Rogers made the remarks in a hearing Tuesday before the Senate Armed Services Committee, which expressed confusion about the scope of Cyber Command and its future.
“I need some clarification on what your responsibilities are in Cyber Command,” Sen. Angus King, D-Maine, told Rogers. “Are you responsible for protecting this country from cyberattacks on public records? Or is it simply government networks?”
Part of the confusion originated in Rogers’ position as commander of Cyber Command, as he is also the director of the NSA.
“I find it harder and harder to justify you having two jobs,” King admitted. He and others expressed interest in elevating Cyber Command to a full command position.
“The combatant command designation would allow us to be faster,” Rogers noted, but he emphasized that Cyber Command was not mature enough to operate entirely on its own, and that the process of transitioning would prove less than ideal for the efficiency of the program. In fact, Rogers said that many of the issues addressed by senators in the hearing, though important, were outside the current mission set of the Command.
Sens. James Inhofe, R-Okla., and Jeff Sessions, R-Ala., addressed a recent GAO report, “DOD Needs to Clarify Its Roles and Responsibilities for Defense Support of Civil Authorities during Cyber Incidents,” in their questioning. They worried that if agencies like the Pentagon didn’t have a clear designation of command when it comes to cyberattacks, they would end up far more vulnerable to the negative consequences of such attacks.
“I’m always concerned about a clear chain of command and clear articulation of capabilities,” Rogers said, but he also expressed more worry in gathering the right individuals to respond to such attacks, rather than who was in charge.
“I am very comfortable with where we are on the uniform side,” Rogers said. “The greater area that we have to look at is on the civilian side of things.” He told the committee members that concerns of budget and sequestration caused many civilians to question the security of working in Cyber Command.
Though the program is meeting current employment goals, Rogers worries that he may not be able to get access to the very specific skill sets needed in the future and that can only come from the civilian side. For example, he found that the private sector brings technical innovation, intellectual innovation, and a new perspective to military cybersecurity. The inability to attract or retain that perspective could prove highly problematic.

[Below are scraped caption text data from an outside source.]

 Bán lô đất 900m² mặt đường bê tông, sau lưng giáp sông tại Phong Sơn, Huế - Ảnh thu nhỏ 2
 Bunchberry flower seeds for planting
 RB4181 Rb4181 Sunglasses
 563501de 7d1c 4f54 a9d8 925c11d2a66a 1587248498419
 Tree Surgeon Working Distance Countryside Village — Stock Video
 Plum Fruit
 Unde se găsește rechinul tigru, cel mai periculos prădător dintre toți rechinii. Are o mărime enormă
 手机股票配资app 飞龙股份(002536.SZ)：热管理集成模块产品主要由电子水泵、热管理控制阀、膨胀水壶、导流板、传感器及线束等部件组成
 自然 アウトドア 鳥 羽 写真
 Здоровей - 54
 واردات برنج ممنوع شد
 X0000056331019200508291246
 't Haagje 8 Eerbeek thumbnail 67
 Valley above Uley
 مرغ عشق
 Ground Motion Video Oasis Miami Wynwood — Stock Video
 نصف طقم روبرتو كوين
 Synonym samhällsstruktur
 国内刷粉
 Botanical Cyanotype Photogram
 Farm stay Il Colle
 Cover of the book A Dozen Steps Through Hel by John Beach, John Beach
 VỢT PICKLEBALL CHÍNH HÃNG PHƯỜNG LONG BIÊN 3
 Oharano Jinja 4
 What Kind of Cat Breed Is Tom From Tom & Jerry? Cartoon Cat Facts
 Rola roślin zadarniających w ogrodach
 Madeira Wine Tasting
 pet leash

“I can replace equipment,” Rogers said. “It can take years to replace people.”
Both Rogers and the committee members wondered what scope that cybersecurity would take in the future and where Cyber Command would fit into that scope.
Sen. Tim Kaine, D-Va., questioned whether there might be need for a cyber academy to be established, similar to that of the Air Force Academy’s creation after World War II. Though Rogers thought this idea might divert cyber perspective, he said that more needed to be done “to urge us to think more broadly than Cyber Command.”